A medida cautelar foi determinada em decisão monocrática do conselheiro relator Thiago Pampolha Gonçalves, após representação apresentada pelo Instituto de Proteção das Garantias Individuais e Assistência Social (IPGIAS), que apontou possíveis irregularidades na condução do processo administrativo.
Auditoria identificou falhas no procedimento
De acordo com a decisão, a Coordenadoria de Auditoria de Políticas em Saneamento e Meio Ambiente (CAD-SANEAMENTO) encontrou indícios de irregularidades que justificaram a suspensão da parceria.
Entre os principais pontos levantados está a ausência de chamamento público, previsto no Marco Regulatório das Organizações da Sociedade Civil (Lei Federal nº 13.019/2014). Conforme a auditoria, o projeto foi apresentado pelo Instituto Chaya em 28 de janeiro de 2026 e recebeu aprovação apenas oito dias depois, seguindo para a fase de formalização sem a realização da seleção pública.

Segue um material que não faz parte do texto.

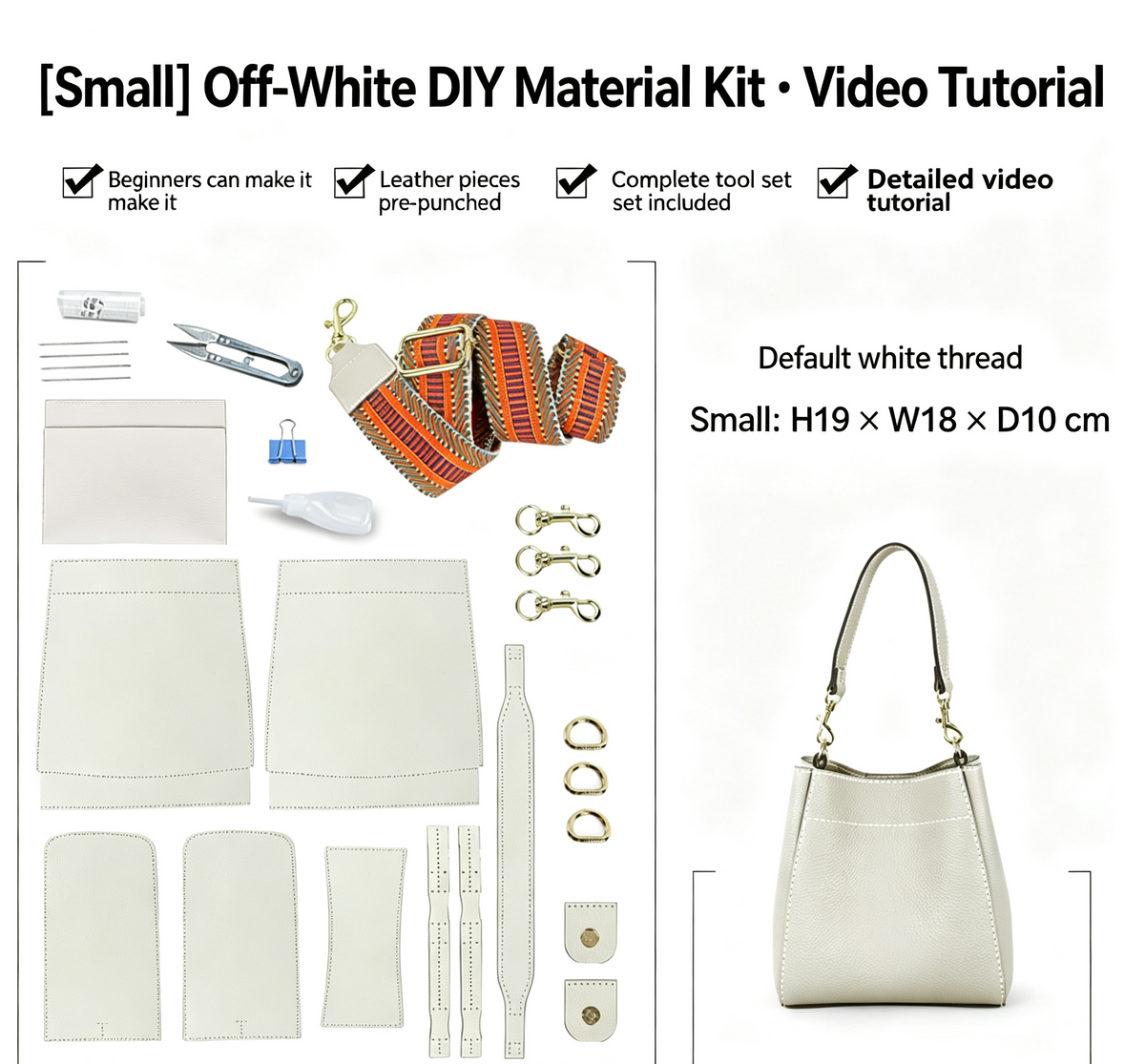 DIY Woven Leather Bucket Bag Kit – Full-Grain Leather Shoulder & Crossbody Bag Making Kit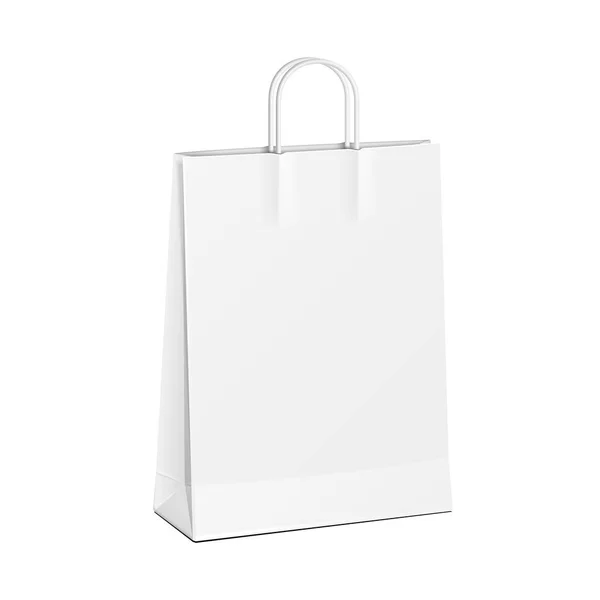 Μεταφορέας χαρτί τσάντα λευκό. Εικονογράφηση που απομονώνονται σε λευκό φόντο. Mock Up έτοιμο πρότυπο για το σχεδιασμό σας. Προϊόντος συσκευασία διάνυσμα Eps10 — Διανυσματικό Αρχείο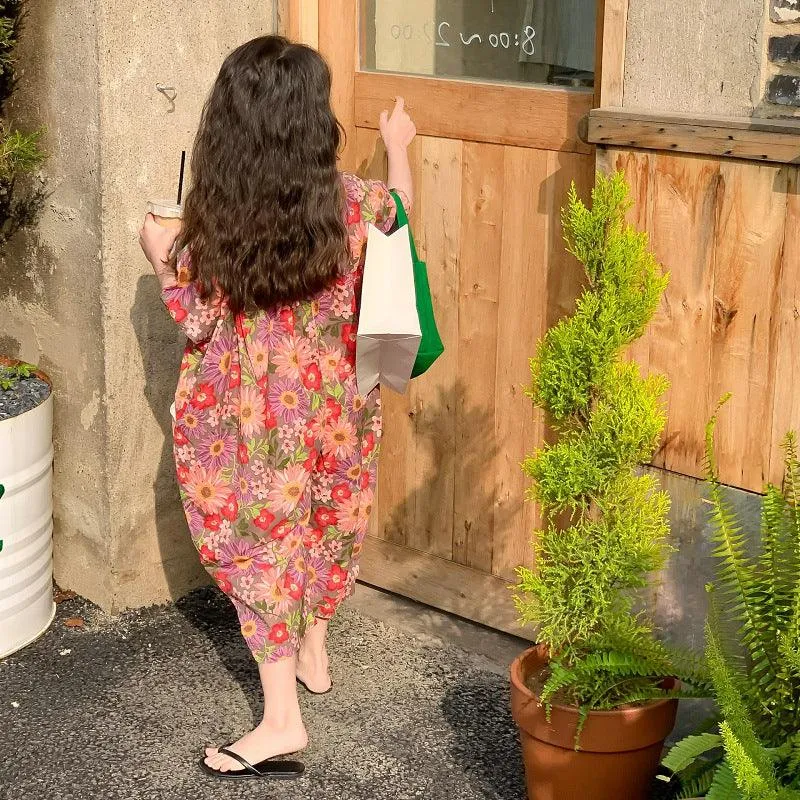Girls' Cotton Jumpsuit One-piece Trousers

Outro aspecto destacado foi a utilização de uma minuta de Termo de Convênio para a parceria. Segundo o TCE-RJ, o Decreto Estadual nº 49.792/2025 veda esse tipo de instrumento para repasses a entidades enquadradas na Lei nº 13.019/2014, o que pode representar afronta ao princípio da legalidade.
Na decisão, o relator destacou que a formalização da parceria sem chamamento público poderia restringir a competitividade e impedir que outras organizações da sociedade civil participassem do processo.
Transparência também foi questionada
A auditoria também apontou falhas na publicidade do projeto. Segundo o Tribunal, o Conexão Ambiental RJ não constava no Portal da Transparência da SEAS nem no Sistema Integrado de Gestão Fiscal (SIGFIS).
Além disso, os técnicos identificaram que a secretaria registrou um “Termo de Encerramento de Processo” no sistema eletrônico. No entanto, o TCE-RJ considerou que essa providência, por si só, não afastaria o risco de continuidade da execução do projeto por outros meios administrativos.
Secretário terá prazo para prestar esclarecimentos
Com a decisão cautelar, o secretário de Estado do Ambiente e Sustentabilidade foi notificado e terá 15 dias para apresentar esclarecimentos sobre o estágio atual do projeto, explicar a ausência de chamamento público e informar se houve parecer jurídico que respaldasse a minuta utilizada.
O Instituto Servir e Qualificar Chaya também foi comunicado para que, caso queira, apresente manifestação no processo.
A suspensão permanecerá válida até que o Tribunal de Contas do Estado do Rio de Janeiro julgue o mérito da representação e decida definitivamente sobre a regularidade da parceria referente ao projeto Conexão Ambiental RJ.
Em nota, a gestão anterior responsável pela parceria salienta:
“O processo, aberto pela SEAS com a proposta do Instituto Chaya para implantar programas esportivos e sustentáveis, não foi concluído. Foram iniciados os estudos de análises de viabilidade e levado à análise do Fecam, onde chegou a ser aprovada a reserva de recursos.
No entanto, após a avaliação interna da metotologia da contratação, a secretaria optou por não demonstrar interesse em seguir com o convênio e encerrou o ato administrativo.
É bom destacar, que não houve nem a análise da assessoria jurídica e a assinatura do secretário, etapas indispensáveis para dar prosseguimento ao processo e deixando claro a desistência da proposta.”